O Hezbollah entregou os corpos de Ehud Goldwasser e Eldad Regev em uma troca de prisioneiros, mas nunca disse como eles morreram. Autoridades israelenses afirmaram que eles ficaram seriamente feridos ao serem capturados pelo grupo militante xiita em uma incursão cruzando fronteiras.
Mas o ministro da Saúde do Líbano, Ali Hassan Khalil, publicando suas memórias da guerra de 2006 entre o Hezbollah e Israel no jornal libanês "al-Safir", citou um oficial do Hezbollah afirmando que os dois israelenses foram mortos por um bombardeio de Israel.
"Há outra questão que só alguns irmãos sabem a respeito, e que ninguém além de nós saberá a respeito mais tarde", teria dito Hussei al-Khalil no dia 3 de agosto de 2006, quando o conflito ainda estava em andamento. "Um bombardeio de Israel nos últimos dias levou à morte dos dois prisioneiros israelenses."
"É irônico: Israel mata os prisioneiros em nome de quem declarou a guerra.
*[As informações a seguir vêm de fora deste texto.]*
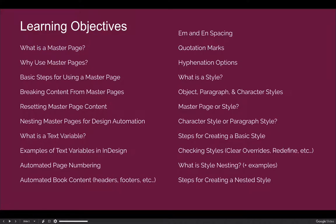Our goals for this lecture are to understand what a master page is and why we would want to use one. We will cover the basic steps needed to use a master page, how to break content from a master page and reattach it if necessary, and we'll mostly focus on nesting master pages for design automation. We'll also discuss what a text variable is, and I will show you some examples of text variables that can be created in InDesign.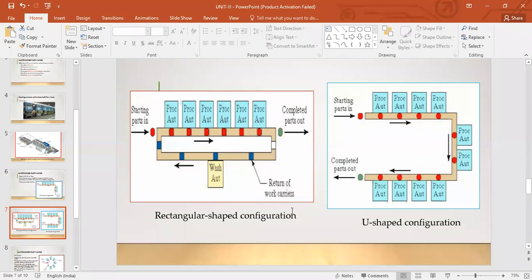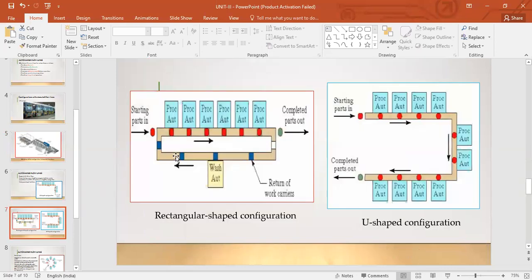A rectangular-shape configuration forms a rectangle, and a U-shaped configuration is also possible — both typically due to factory space limitations. A washing station is incorporated for return of work carriers: the pallets that carry parts are sent to the wash station, cleaned, and then sent back to the start where new raw parts are placed on them and cycled through again.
De nossa parte, vamos continuar a batalha de negociações como se nada tivesse acontecido", afirmou al-Khalil, segundo relato do ministro libanês.
Entre os capturados que foram liberados estava Samir Qantar, que havia sido o prisioneiro a servir por mais tempo no Iraque e que os israelenses acusam por sua participação em um ataque guerrilheiro palestino em 1979.
A liberação dos prisioneiros libaneses, que o Hezbollah alegou serem os últimos mantidos em Israel, encerrou uma questão que havia motivado atentados repetidos por guerrilheiros xiitas no último quarto de século para capturar israelenses e usar como moeda de troca.